Больница рухнула — угли разлетелись по всей стране! Горели городские ломбарды, горели деревенские избы, горели леса, выгорали под знойными злыми летними лучами ржаные поля…

Больных распределили по ротам. Снесарева поместили туда, где селили уголовников, отказников от работы, беспомощных инвалидов. Там крали всё: обувь, одежду, пайку хлеба, ложку прямо из рук. У Андрея Евгеньевича уворовали даже брюки. Трудно сказать, что было бы дальше, если бы не помог священник Михаил Семёнович Яворский: он уводил больного и обворованного в свою роту, одевал, кормил, поил, хранил посылки.

И Снесарев после пожара, остро пережитого, вдруг всё вспомнил. Может быть, это была последняя ослепительная победа памяти над сгущающимся склерозом, над сумеречной неотразимой забывчивостью. И он вспомнил во множестве штрихов раннее детство, как летом детишки играли в прятки в высоких травах и лозняках близ Дона, как зимой санки по лукам ехали, ехали в сторону Мироновой горы, и казалось, никогда не доедут, может, едут они и доныне, только сидит на облучке теперь другой возница.

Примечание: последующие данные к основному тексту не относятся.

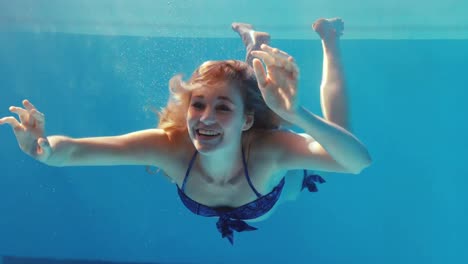 pretty woman swim underwater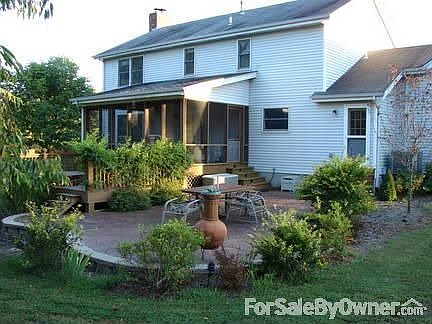 Stamped concrete patio and screened porch in back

В начале сентября дочь снова приехала к отцу, о чём вспоминает: «Свидания сначала не давали вообще. Потом новый начальник лагеря Онегин на собственный страх дал свидание на общих основаниях, т.е. на проход мой в лагерь в сопровождении стрелка, и в лагере в определённой комнатушке встреча с папой на 1–2 часа в присутствии двух стрелков… В октябре свидание стали давать всё короче и всё с большими трудностями… Папа значительно окреп… Речь совершенно восстановилась, и он иногда читал мне вслух, как и в прежние годы, с тем же мастерством и разными модуляциями голоса. В конце октября произошло невероятное: из Москвы пришла от кого-то бумага с предложением перевести Снесарева в лазарет, где создать ему самые лучшие условия.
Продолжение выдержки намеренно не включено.